§ **TASK PROMPT**:
Reproduce all the entries exactly and keep the pictures out.

§ **EXERCISE INPUTS**:
****************

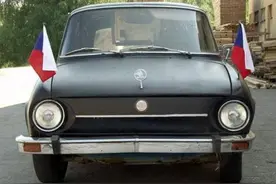 国外男子收购大量报废车，没想到竟然打造出媲美林肯的长车!图片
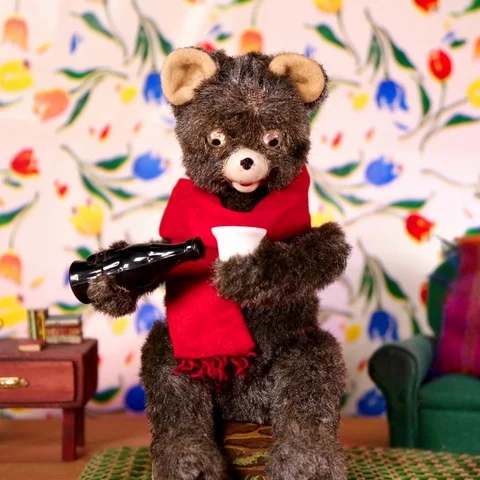 DrinkingBear Loop HDSquare Stockbeeldmateriaal 93843558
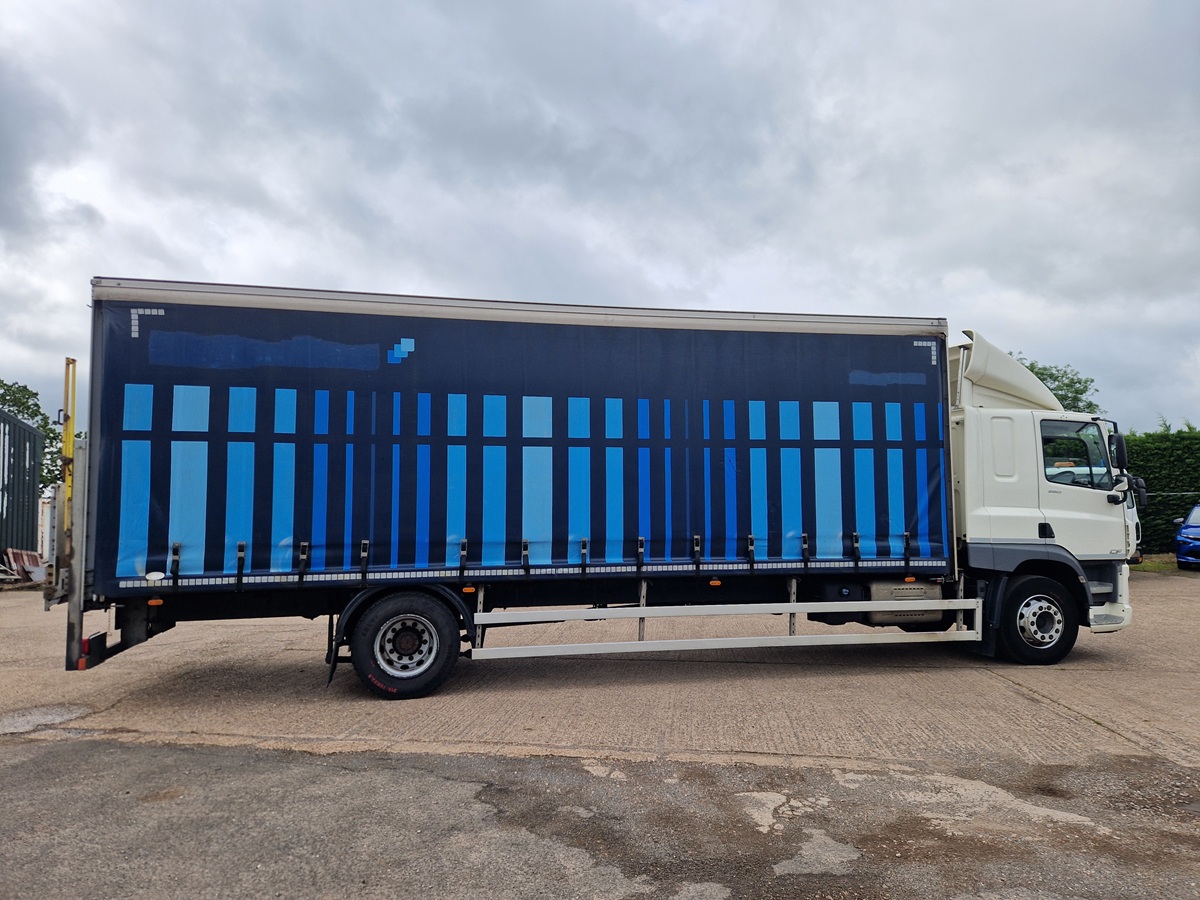Daf CF 260, 2021, 28ft Curtainsider Truck, Sleeper cab, 429000 Kms, June 27 MOT - Image 10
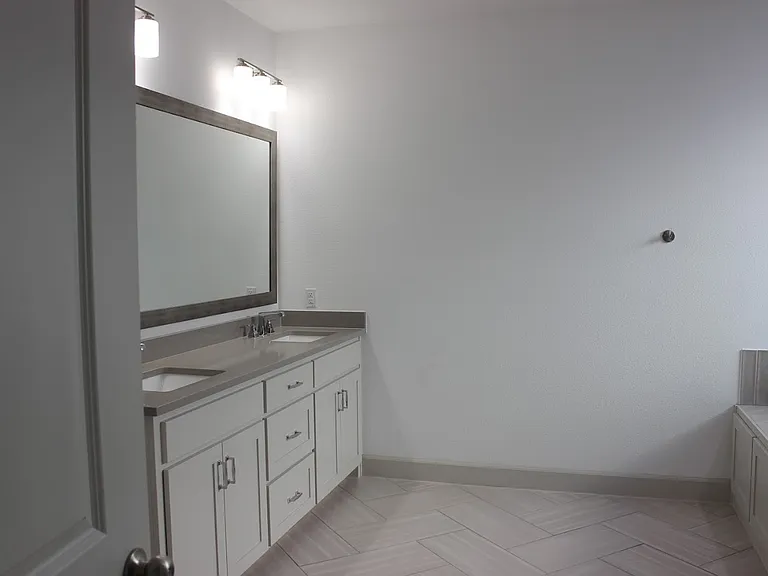 14059 Chestnut Glen Ln — Photo 11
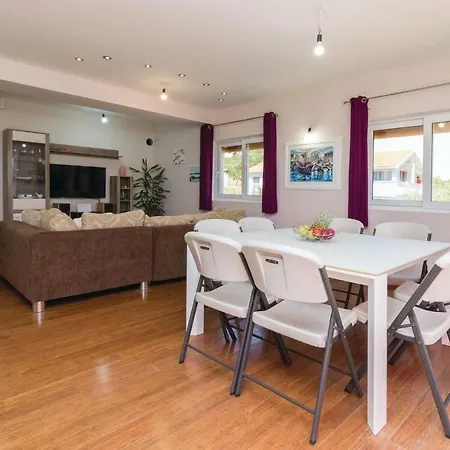 Three-bedroom Holiday In Vakantiehuis Preko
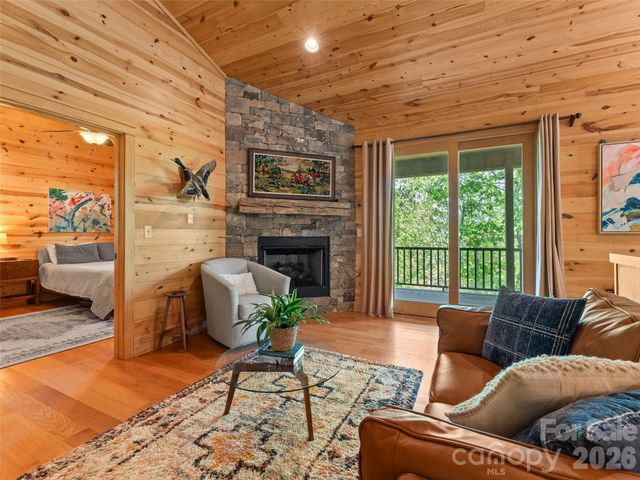 350 Laurel Mountain Trail, Saluda, NC 28773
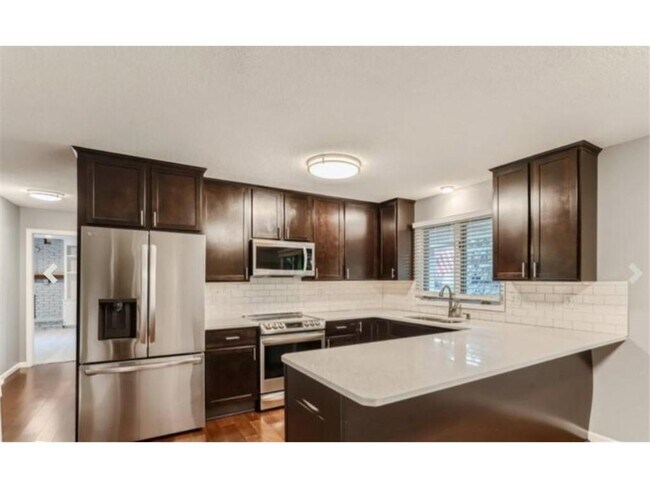 Foto del edificio - 14511 Woodruff Rd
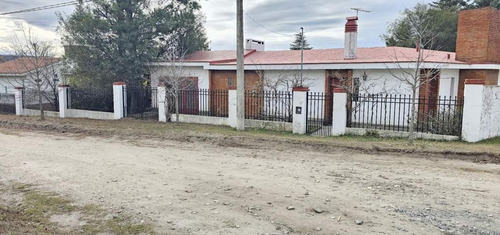 Casa En Venta 2 Dormitorios Pileta Capacidad 6 Personas Valle De Punilla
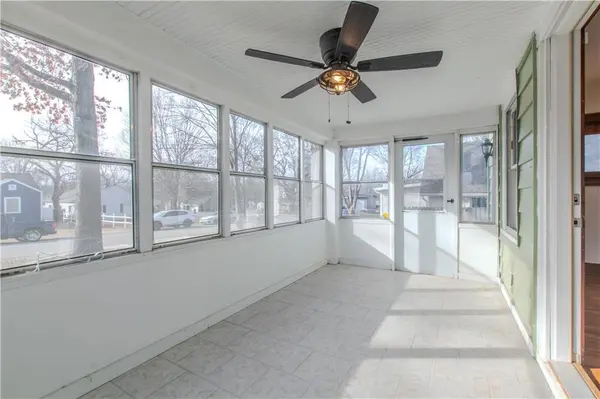 904 Pinkston ST, Grandview, MO 64030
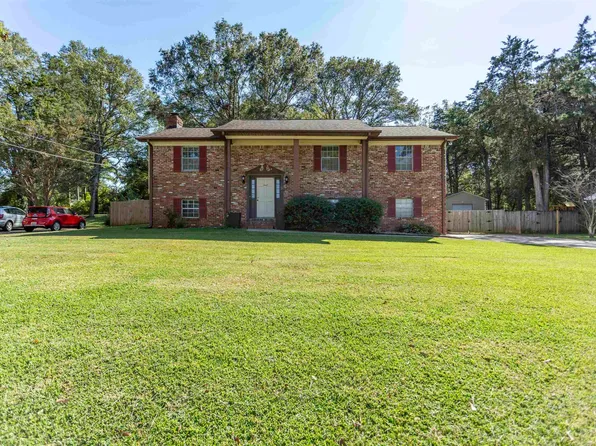 19 Monte Bello Ln, Montevallo, AL 35115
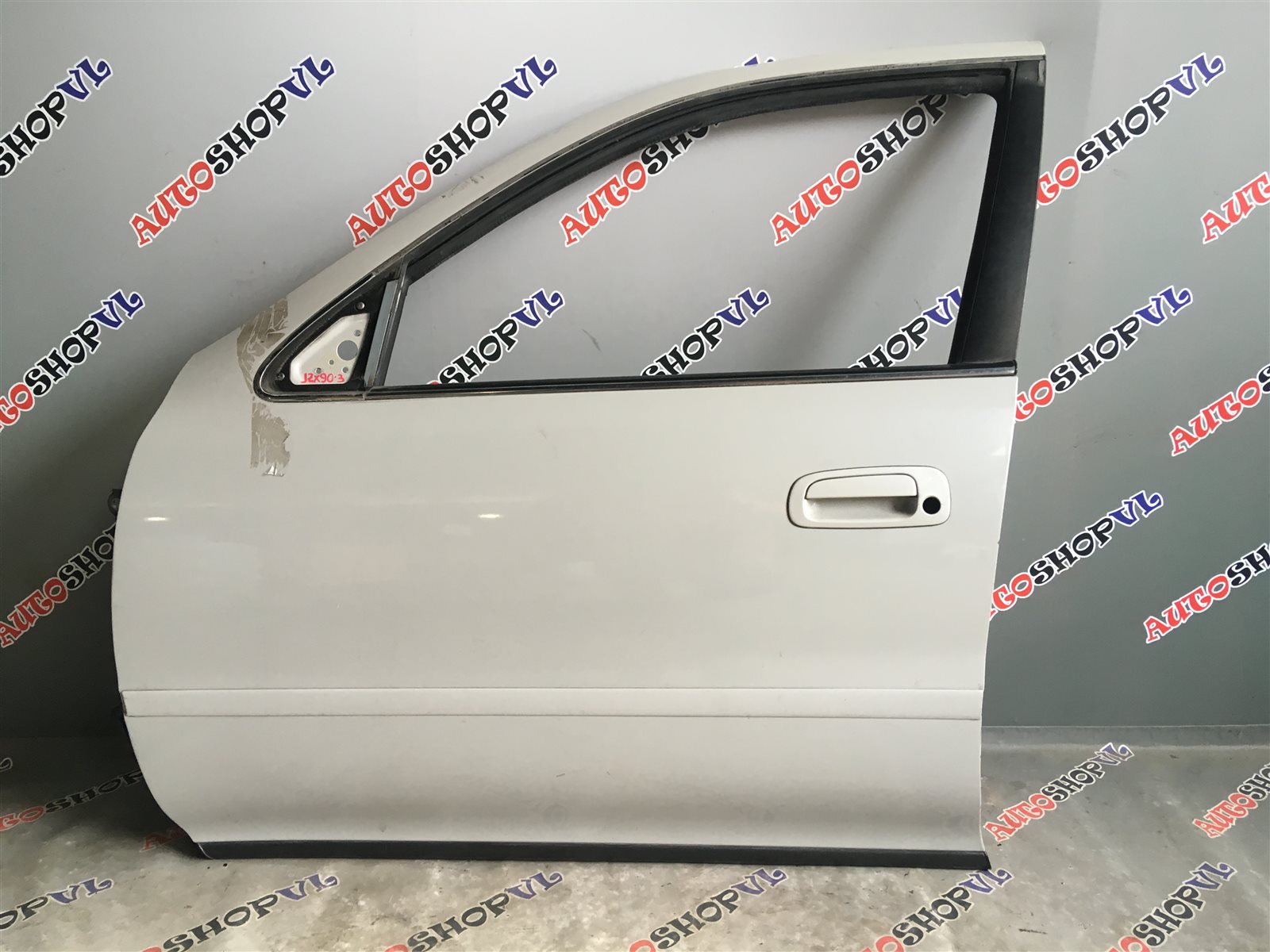 Дверь передняя левая TOYOTA CRESTA JZX90 1JZGE 67002-22390 контрактная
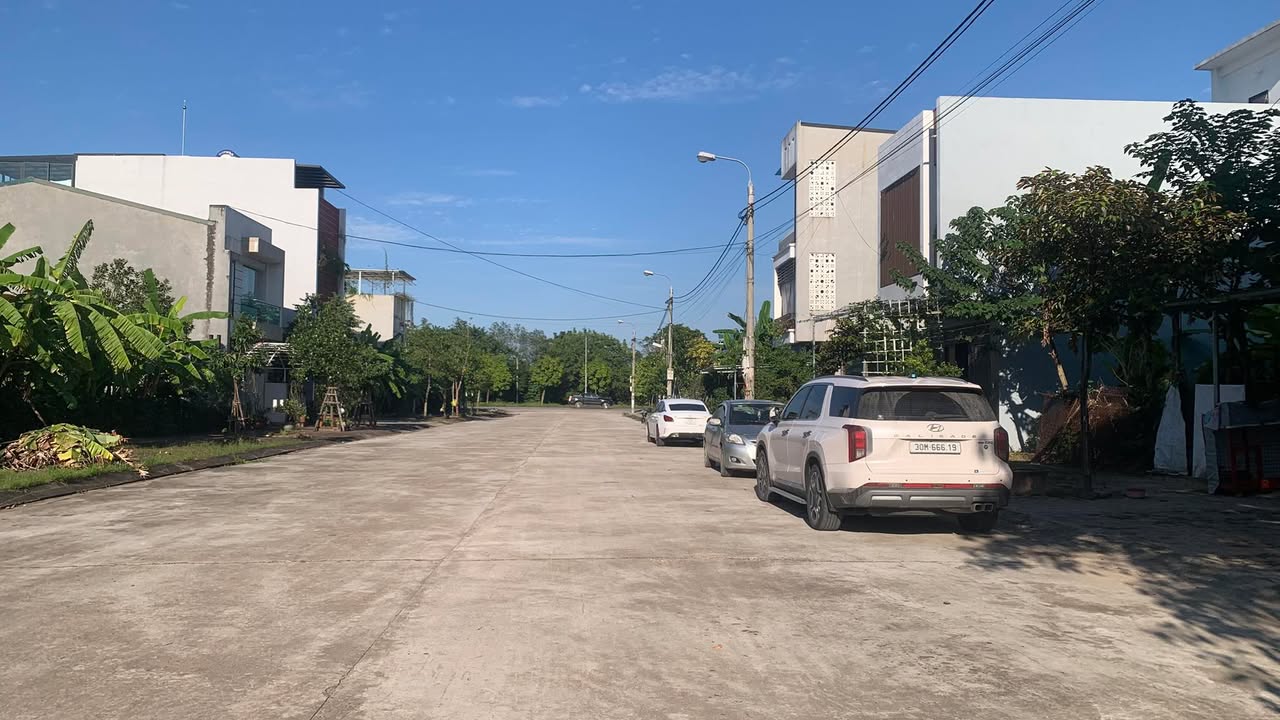 Đất nền mặt tiền 5m trục đường 22m Thanh Miếu, 90m² - Giá chỉ 4 tỷ VND!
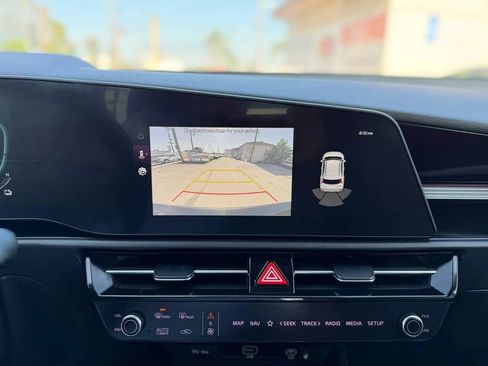 Used 2023 Kia Niro EX FWD image 49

****************

§ **THE ANSWER**:
 国外男子收购大量报废车，没想到竟然打造出媲美林肯的长车!图片
 DrinkingBear Loop HDSquare Stockbeeldmateriaal 93843558
Daf CF 260, 2021, 28ft Curtainsider Truck, Sleeper cab, 429000 Kms, June 27 MOT - Image 10
 14059 Chestnut Glen Ln — Photo 11
 Three-bedroom Holiday In Vakantiehuis Preko
 350 Laurel Mountain Trail, Saluda, NC 28773
 Foto del edificio - 14511 Woodruff Rd
 Casa En Venta 2 Dormitorios Pileta Capacidad 6 Personas Valle De Punilla
 904 Pinkston ST, Grandview, MO 64030
 19 Monte Bello Ln, Montevallo, AL 35115
 Дверь передняя левая TOYOTA CRESTA JZX90 1JZGE 67002-22390 контрактная
 Đất nền mặt tiền 5m trục đường 22m Thanh Miếu, 90m² - Giá chỉ 4 tỷ VND!
 Used 2023 Kia Niro EX FWD image 49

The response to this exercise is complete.